Pictures with short captions
┄┄┄┄┄┄
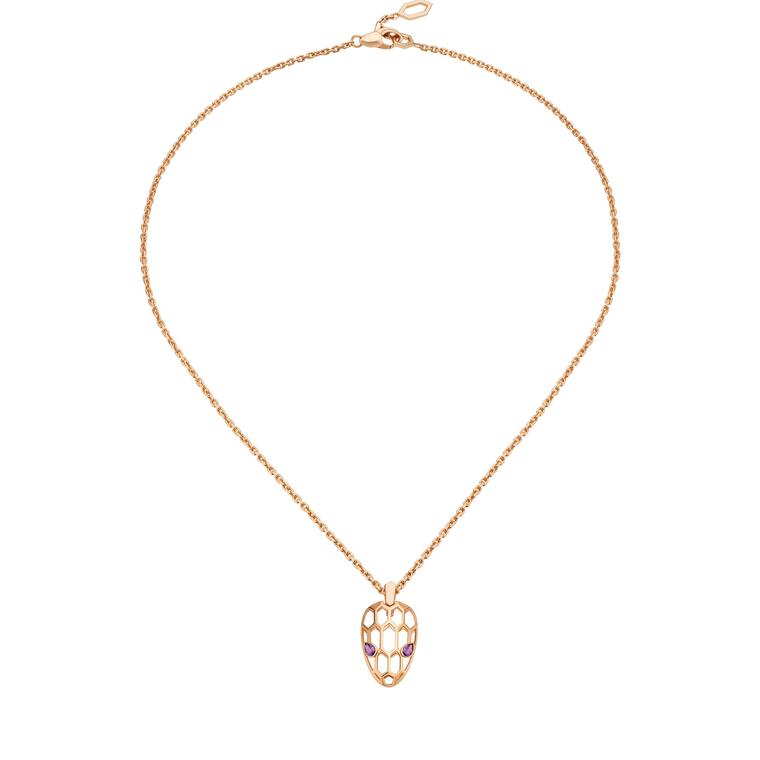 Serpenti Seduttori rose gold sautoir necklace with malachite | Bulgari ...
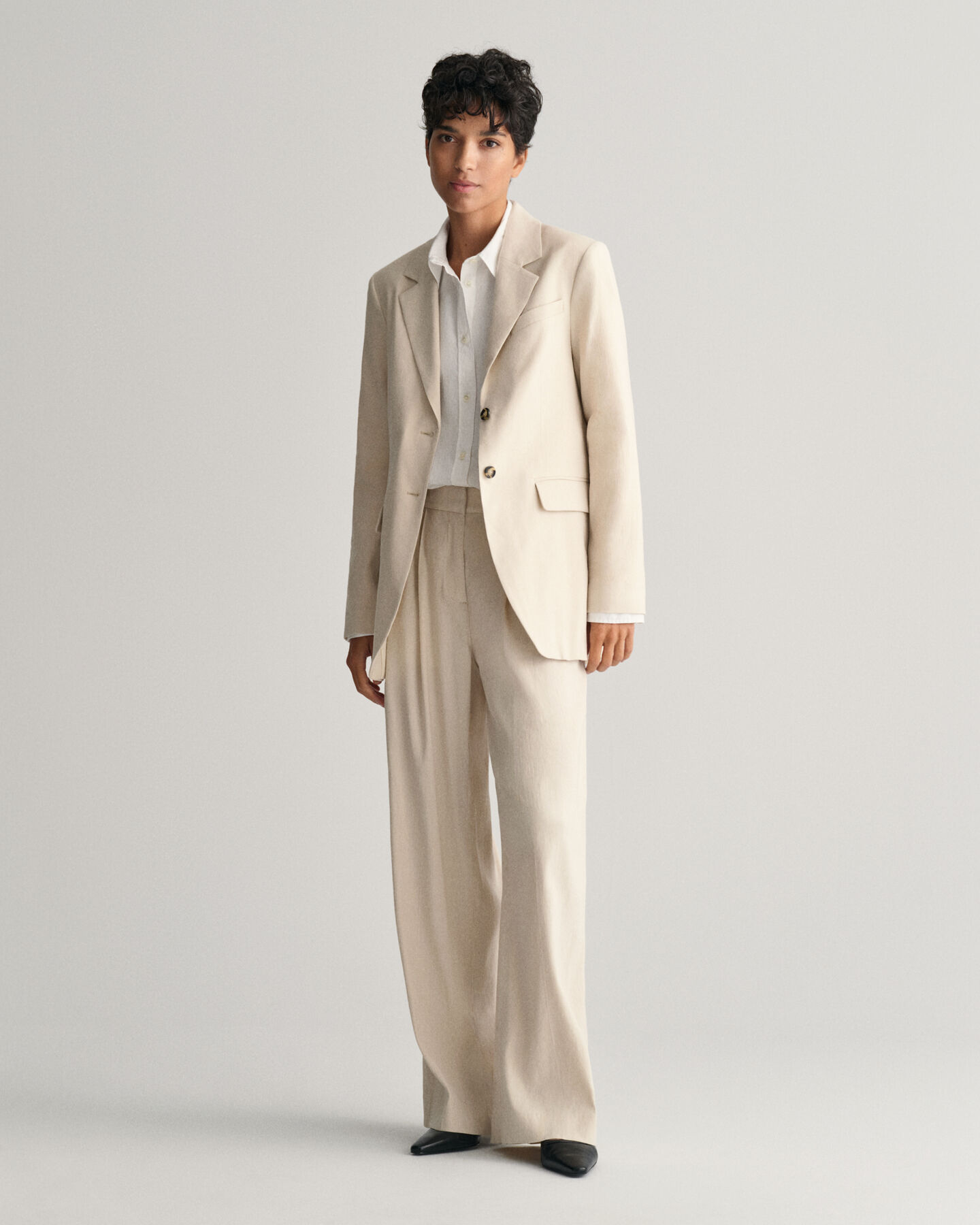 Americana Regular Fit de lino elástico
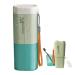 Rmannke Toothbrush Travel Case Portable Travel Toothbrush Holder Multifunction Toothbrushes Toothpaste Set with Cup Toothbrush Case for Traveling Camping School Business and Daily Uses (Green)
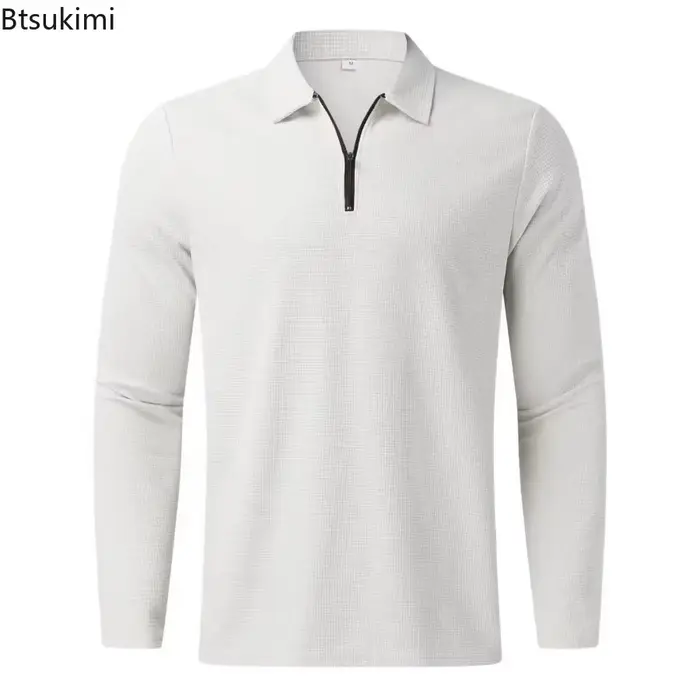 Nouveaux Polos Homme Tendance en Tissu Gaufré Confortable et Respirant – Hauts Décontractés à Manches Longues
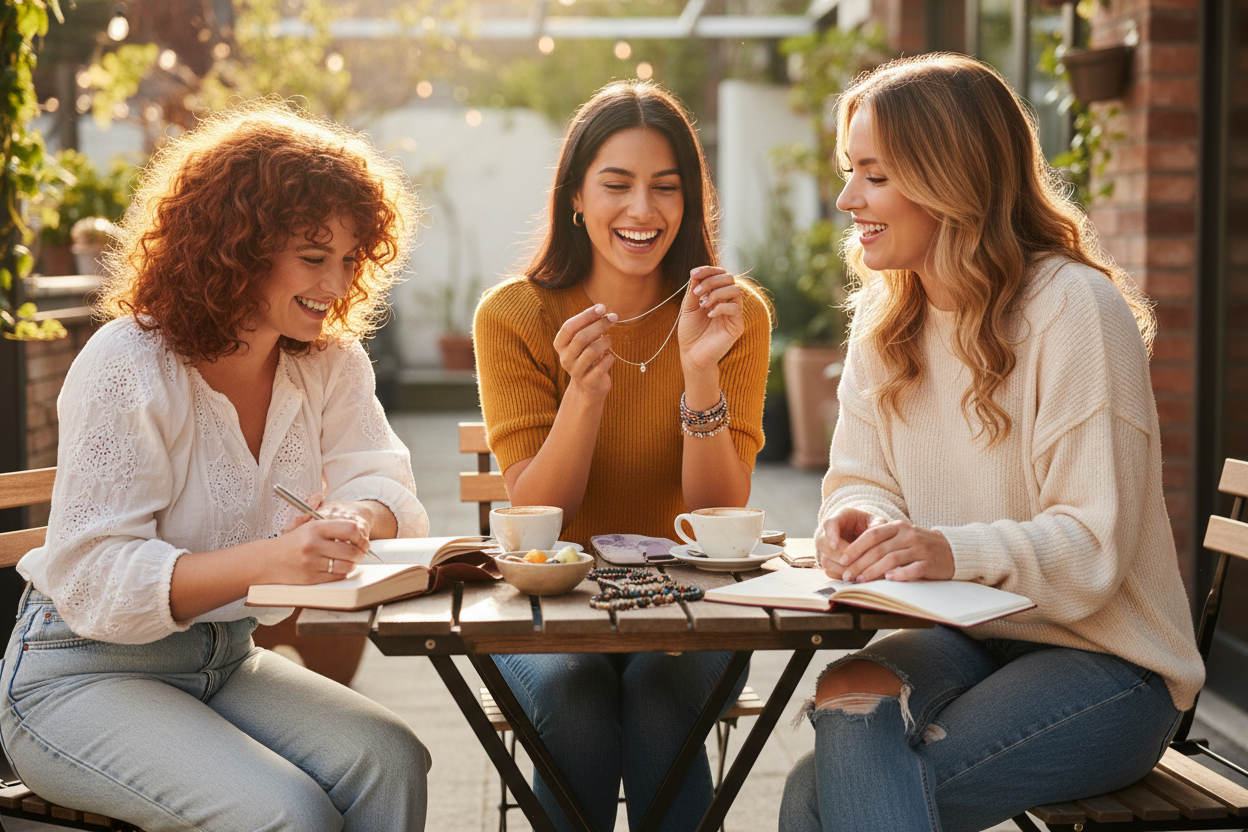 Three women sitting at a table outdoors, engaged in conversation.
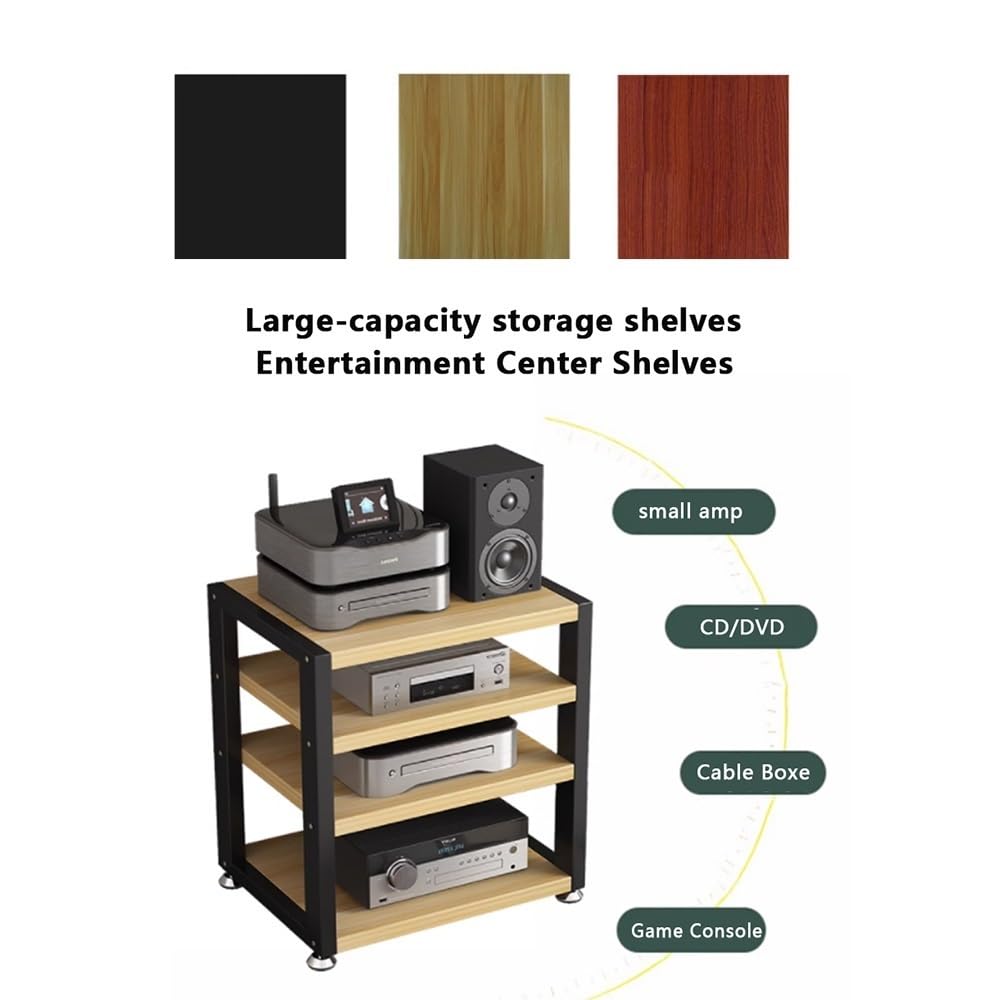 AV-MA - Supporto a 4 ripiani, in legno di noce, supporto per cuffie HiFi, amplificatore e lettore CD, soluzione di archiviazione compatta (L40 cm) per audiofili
┄┄┄┄┄┄
The answer must consist of the line containing "Nouveaux Polos Homme" and every line after it through the end of the records, retyped exactly, with all pictures left out.

 Nouveaux Polos Homme Tendance en Tissu Gaufré Confortable et Respirant – Hauts Décontractés à Manches Longues
 Three women sitting at a table outdoors, engaged in conversation.
 AV-MA - Supporto a 4 ripiani, in legno di noce, supporto per cuffie HiFi, amplificatore e lettore CD, soluzione di archiviazione compatta (L40 cm) per audiofili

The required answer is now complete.